▶ [Exercise]: Exactly reproduce the lines from the one containing "12507 79th Ave NE, Kirkland, WA 98034" through the last line of the data, both ends included, leaving out pictures.

------ Task data

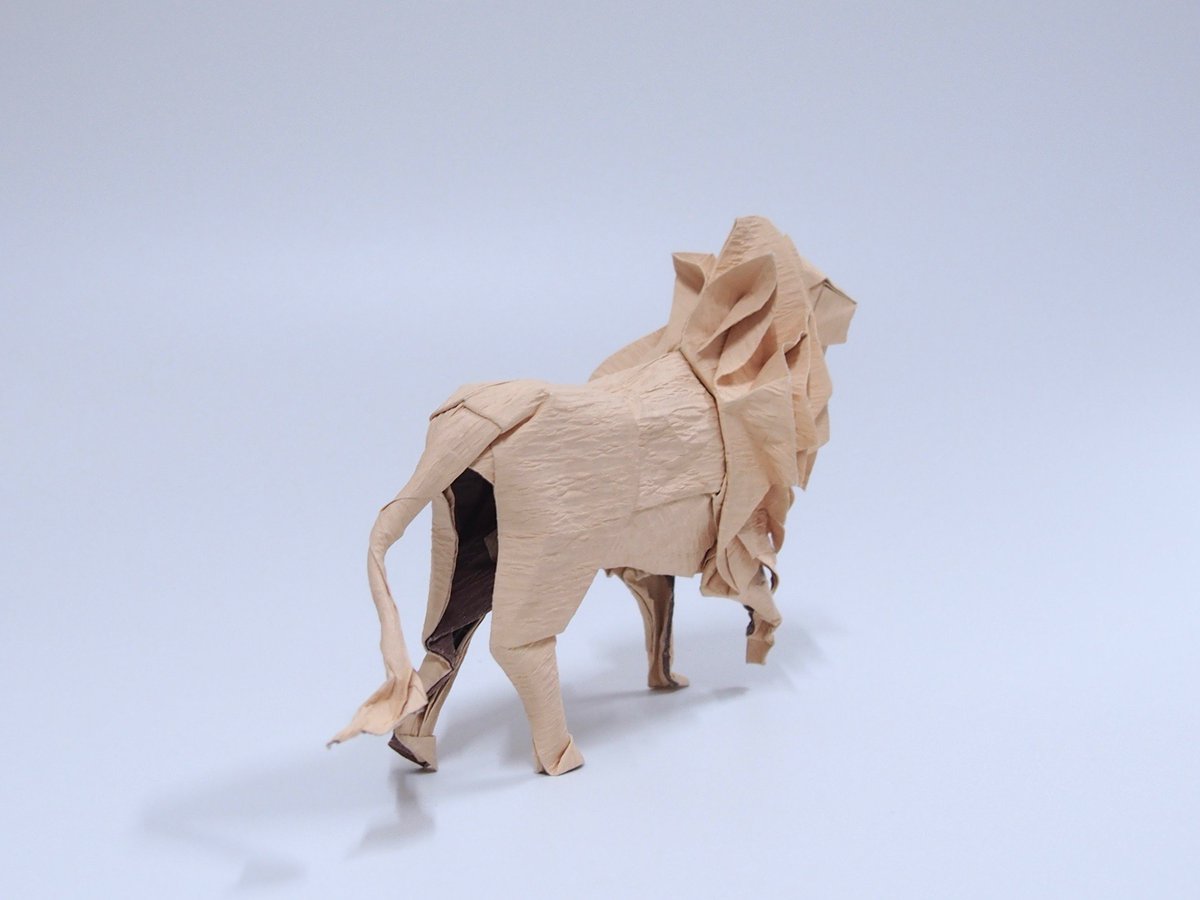 Uzivatel むーやん Na Twitteru ライオン Lion 創作者 神谷 哲史 Satoshi Kamiya 折り手 むーやん 紙 ダイソーのリバーシブルクレープペーパー 41x41cm 百獣の王 ライオン 毛並みを表現しようと試行錯誤と称し折りゴミを生産しつつ折り直すこと３回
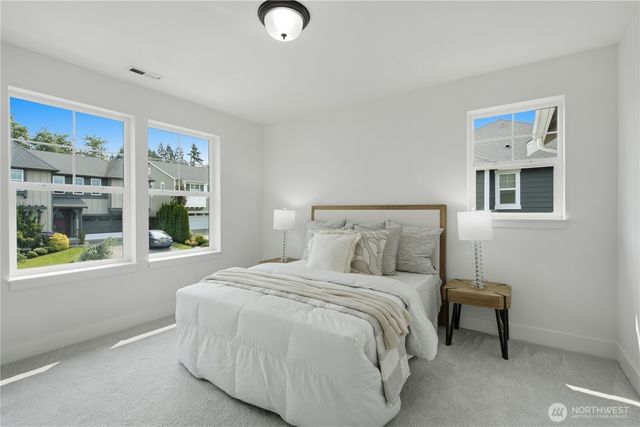 12507 79th Ave NE, Kirkland, WA 98034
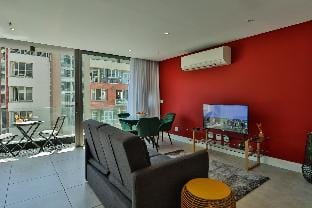 The Capital Mirage 704 by CTHA Apartment in Cape Town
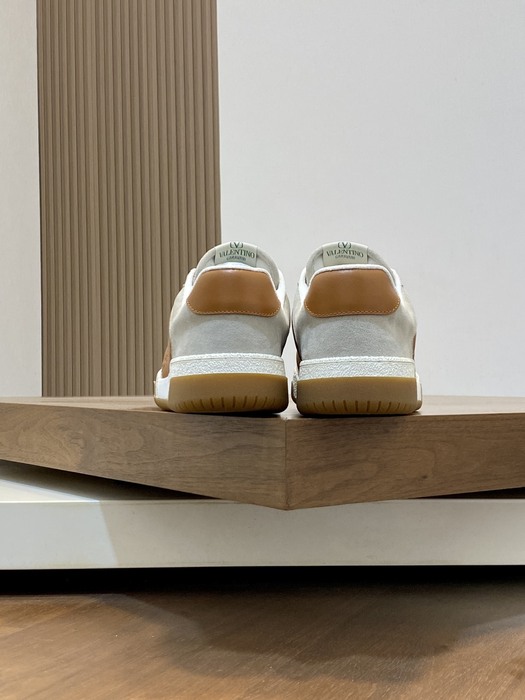 High-Quality Valentino Men's Shoes on Yupoo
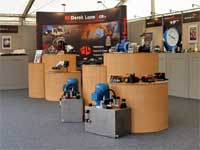 pop up stand and plinths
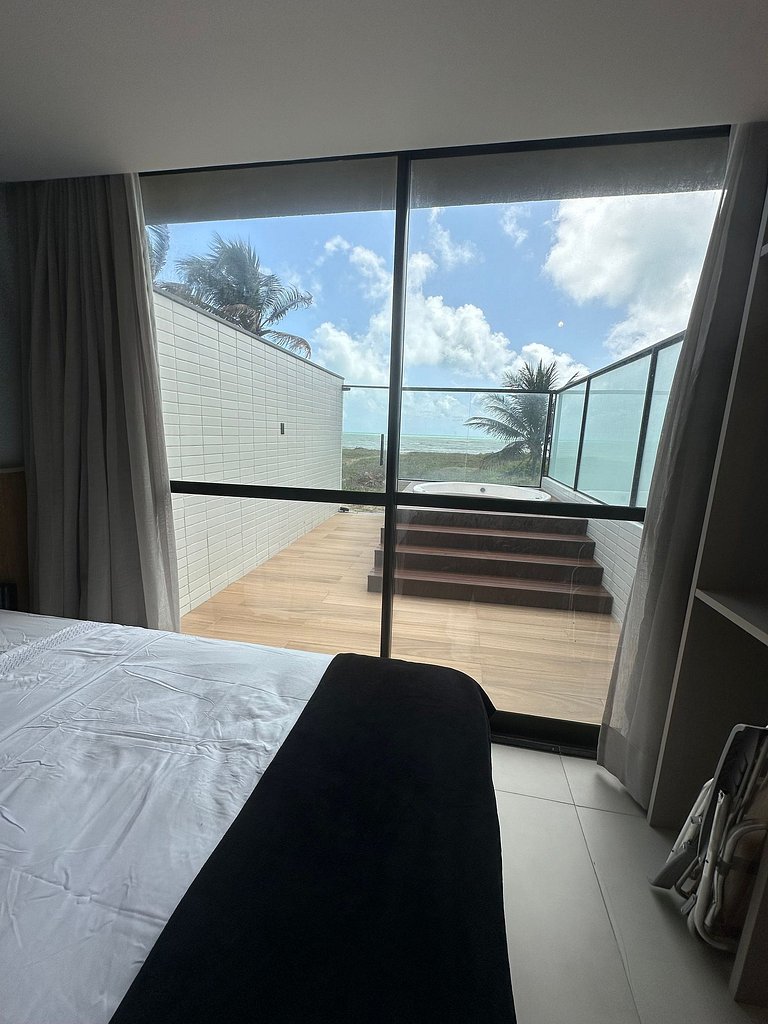 Vista mar jacuzzi em manutenção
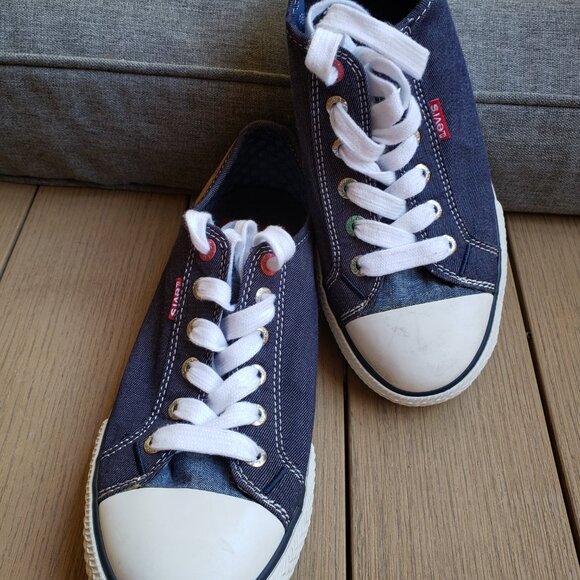 EUC LEVI'S denim converse style blue sneaker (6.5) KICKS - Picture 4 of 8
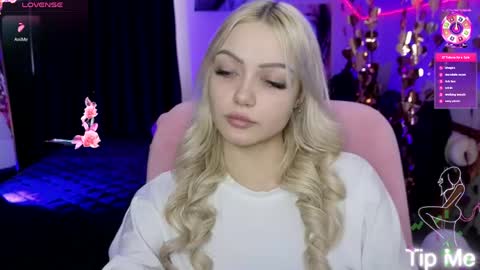 I am Lina online show from April 13, 8:07 am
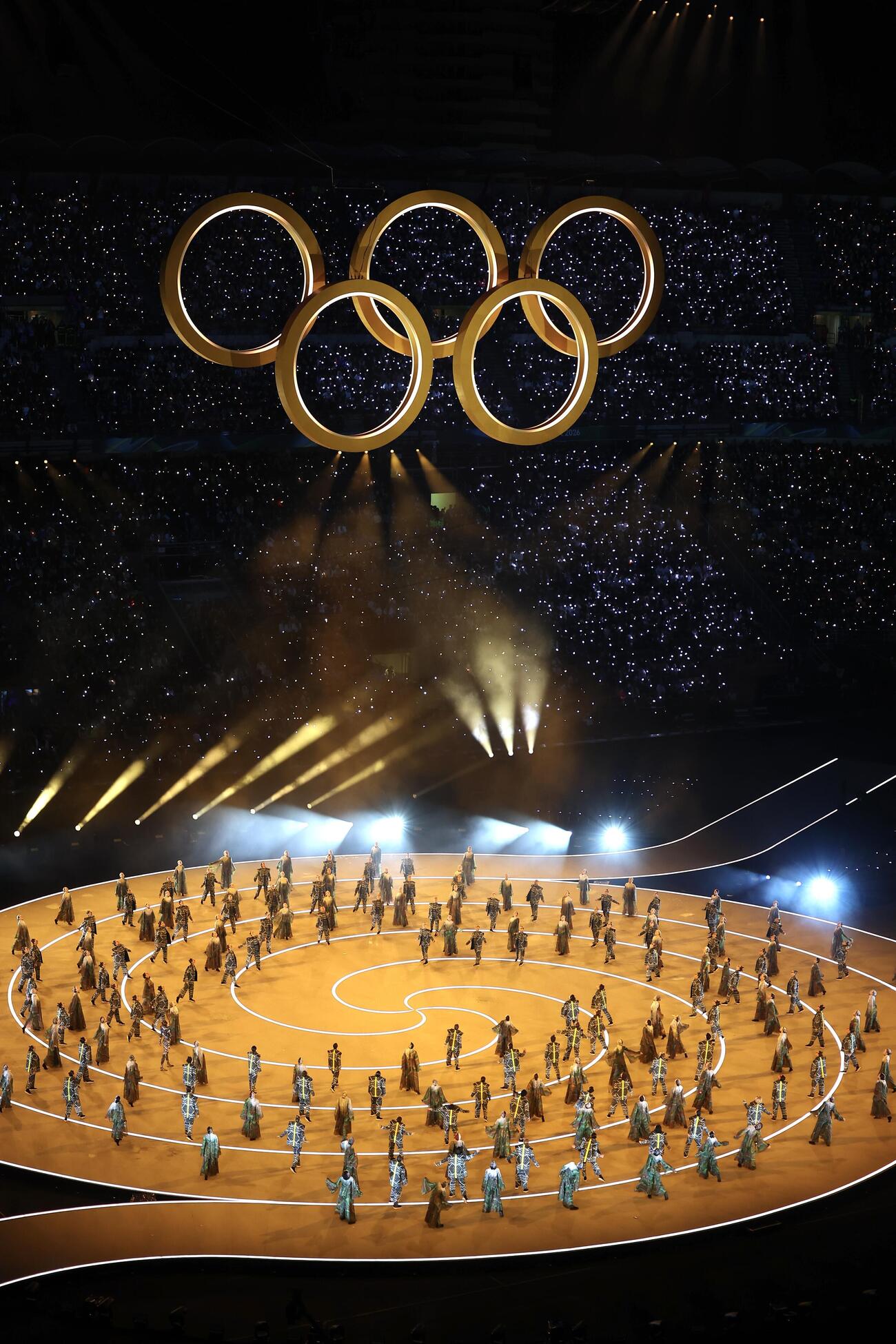 開会式で浮かび上がる五輪マーク（撮影・前田充）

------------

▶ [Solution to this task]:
 12507 79th Ave NE, Kirkland, WA 98034
 The Capital Mirage 704 by CTHA Apartment in Cape Town
 High-Quality Valentino Men's Shoes on Yupoo
 pop up stand and plinths
 Vista mar jacuzzi em manutenção
 EUC LEVI'S denim converse style blue sneaker (6.5) KICKS - Picture 4 of 8
 I am Lina online show from April 13, 8:07 am
 開会式で浮かび上がる五輪マーク（撮影・前田充）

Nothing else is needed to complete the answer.